• YOUR INSTRUCTIONS
Set down the data again word for word. Skip any pictures.

• RECORDS FOR THIS TASK
--- START ---

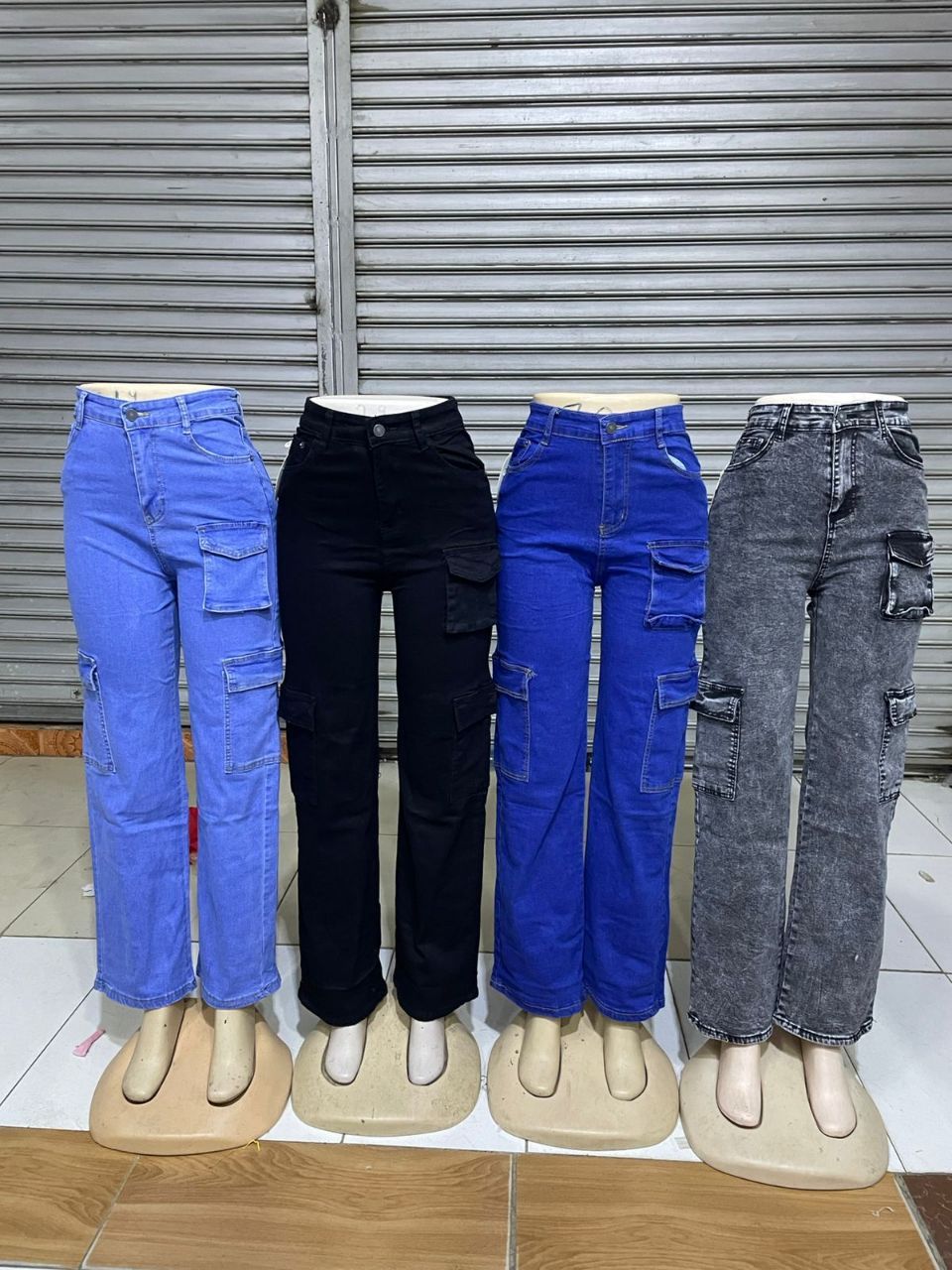 Multifunctional Stylish Elegant Timeless classsic Aesthetic High quality Women's denim cargo pants Wide Leg Casual Pants with multiple Pockets, High Waisted Cargo Pants, Combat Military Trousers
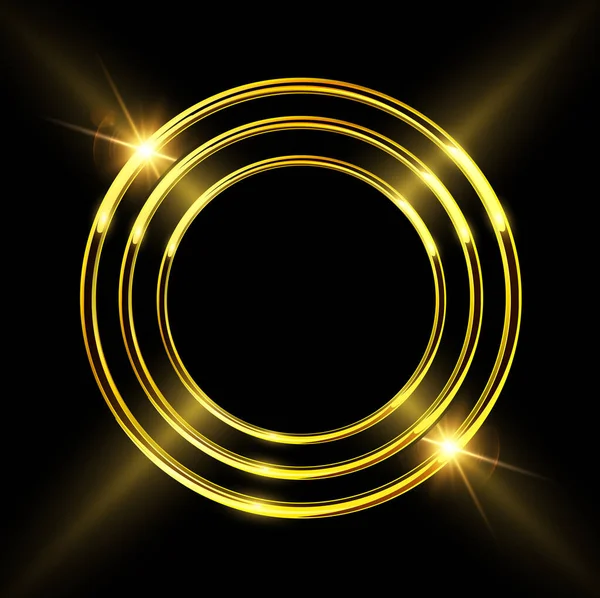 Ouro Anéis Brilhantes Sobre Fundo Preto Botão Vetor Luxo Emblema — Vetor de Stock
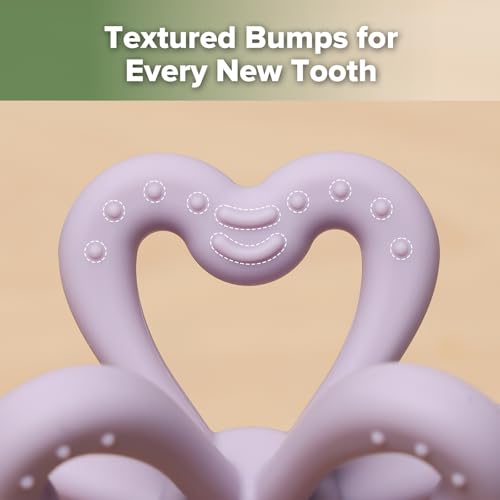 haakaa Silicone Clover Teether, Teethers for Babies 3 Months+, Lavender - color: Lavender
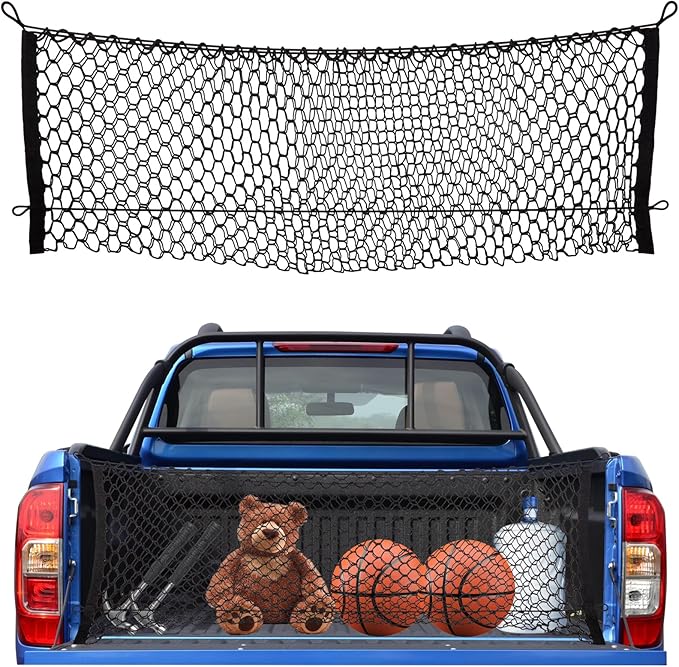 Cargo Net for Pickup Bed, Fit for Ford F150/F250, Chevy Silverado, GMC Sierra, 18"x50" Heavy Duty Elastic Cargo Organizer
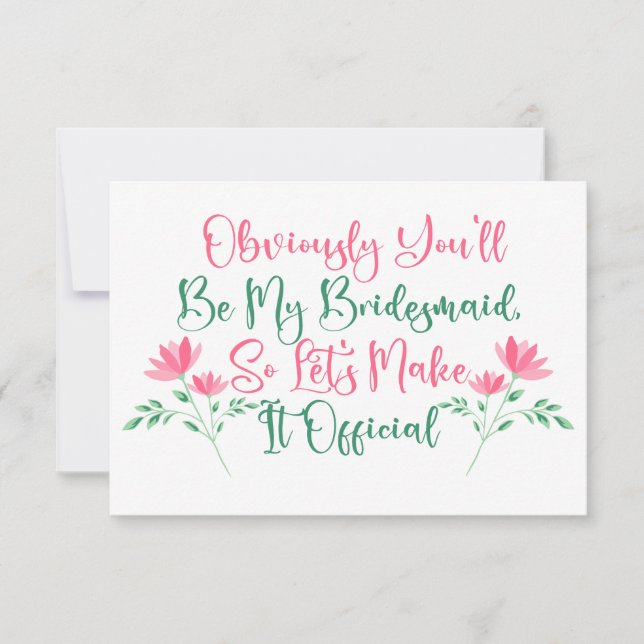 Will You Be My Bridesmaid Invitation (Front)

--- END ---

• RESULT BELOW
 Multifunctional Stylish Elegant Timeless classsic Aesthetic High quality Women's denim cargo pants Wide Leg Casual Pants with multiple Pockets, High Waisted Cargo Pants, Combat Military Trousers
 Ouro Anéis Brilhantes Sobre Fundo Preto Botão Vetor Luxo Emblema — Vetor de Stock
 haakaa Silicone Clover Teether, Teethers for Babies 3 Months+, Lavender - color: Lavender
 Cargo Net for Pickup Bed, Fit for Ford F150/F250, Chevy Silverado, GMC Sierra, 18"x50" Heavy Duty Elastic Cargo Organizer
 Will You Be My Bridesmaid Invitation (Front)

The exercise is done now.